Curry Paste (makes about 3 cups)

1 red onion, peeled and chopped

10cm piece ginger, peeled and chopped

10 birdseye chillies

6 kaffir lime leaves

4 lemongrass stalks, white and pale green parts, peeled and chopped

Bunch fresh coriander, leaves, stalks and roots, washed and chopped

Whole bulb garlic, peeled and chopped

1/2 cup tamarind pulp

80g palm sugar

6 limes, juiced

1 tsp pepper

1 tsp turmeric powder

3 tsp coriander

2 tsp cumin

2 tsp salt

1/4 cup coconut oil

Curry

1 tbs sesame oil

1 1/2 cups curry paste

1 litre coconut cream

2 cups chicken or veg stock

3 tbs fish sauce

Bunch snake beans, chopped (about 2 cups)

3 asian eggplant, sliced into 3cm rounds

12 spears baby corn

2 bok choy, quartered

500g prawns

To serve

Cooked rice vermicelli

Fresh shallots, chopped

Fried shallots

Fresh coriander

Beansprouts

Chilli sambal

Method

In a large wok, heat the sesame oil over medium to high heat.
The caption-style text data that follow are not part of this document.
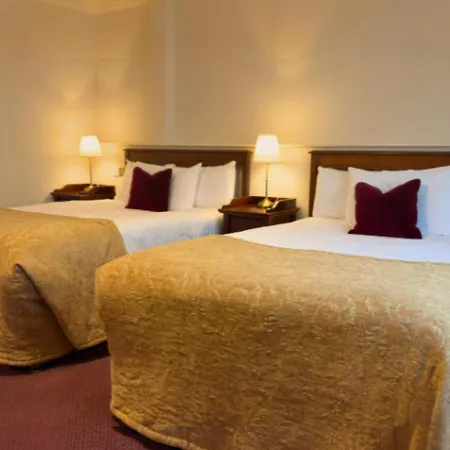Arbutus Hotel-2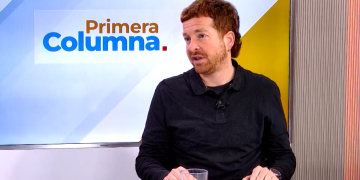 Arnau (CUP) confia en el compromís del govern de Tortosa per la remunicipalització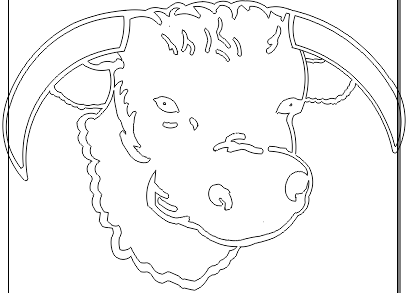 13A322
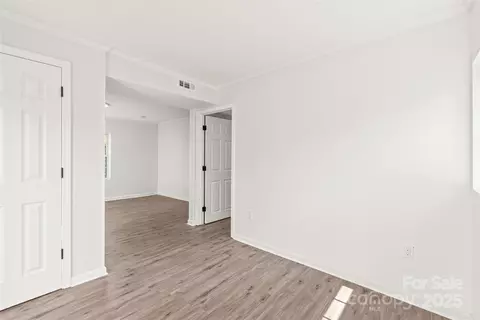 809 E 23rd Street St, Newton, NC 28658 photo 33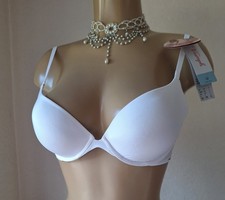 Triumph Body Make-up WHU Bra
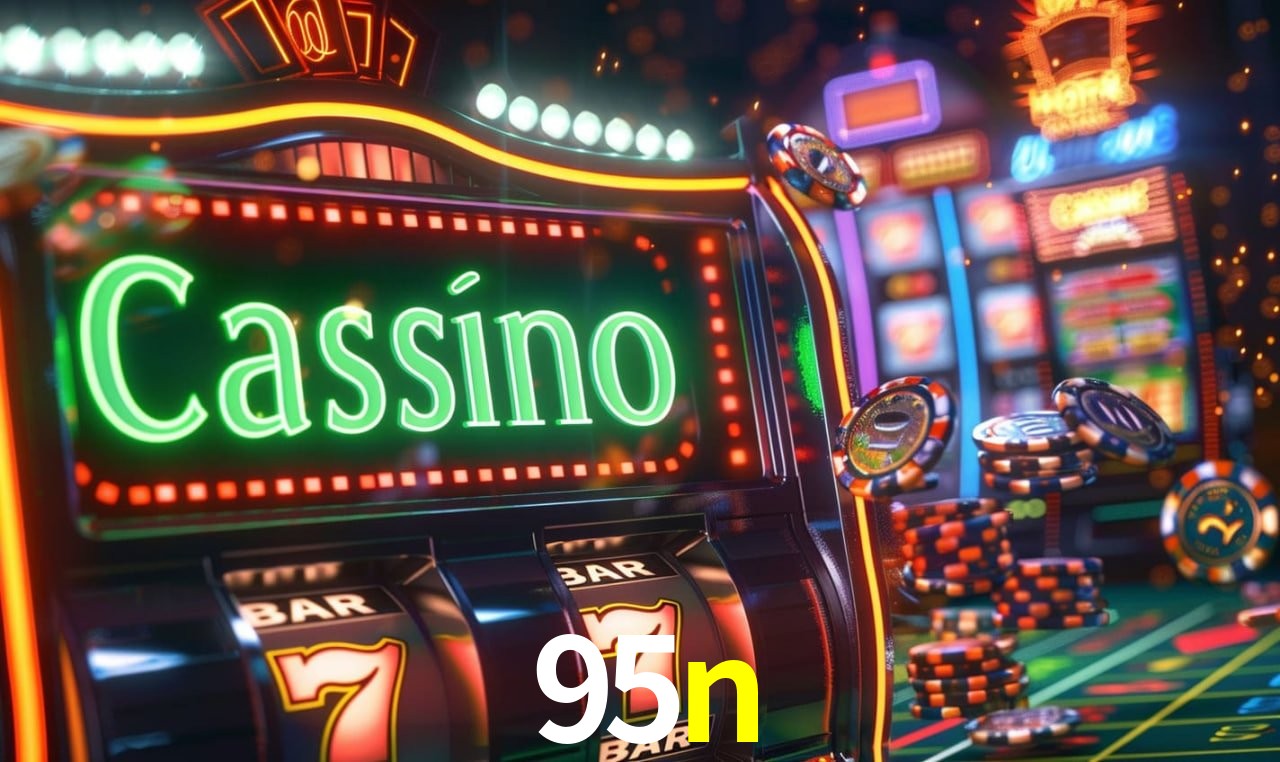 Design Responsivo 95n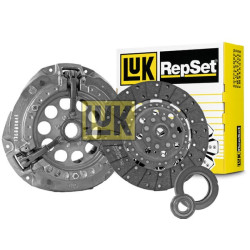 Massey Ferguson 375 630110811 Movos komplektas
Add the curry paste and cook, stirring, for about 1min until fragrant. Add the coconut cream, stock, fish sauce, beans, eggplant and corn. Cook, stirring occasionally, until sauce has thickened and vegetables are just tender, about 10mins. Add water if necessary.

Add the bok choy and prawns and cook for a further 3mins or until prawns are just cooked.

Serve curry in bowls over the cooked noodles and top with the fresh and fried shallots, coriander, beansprouts and sambal on the side.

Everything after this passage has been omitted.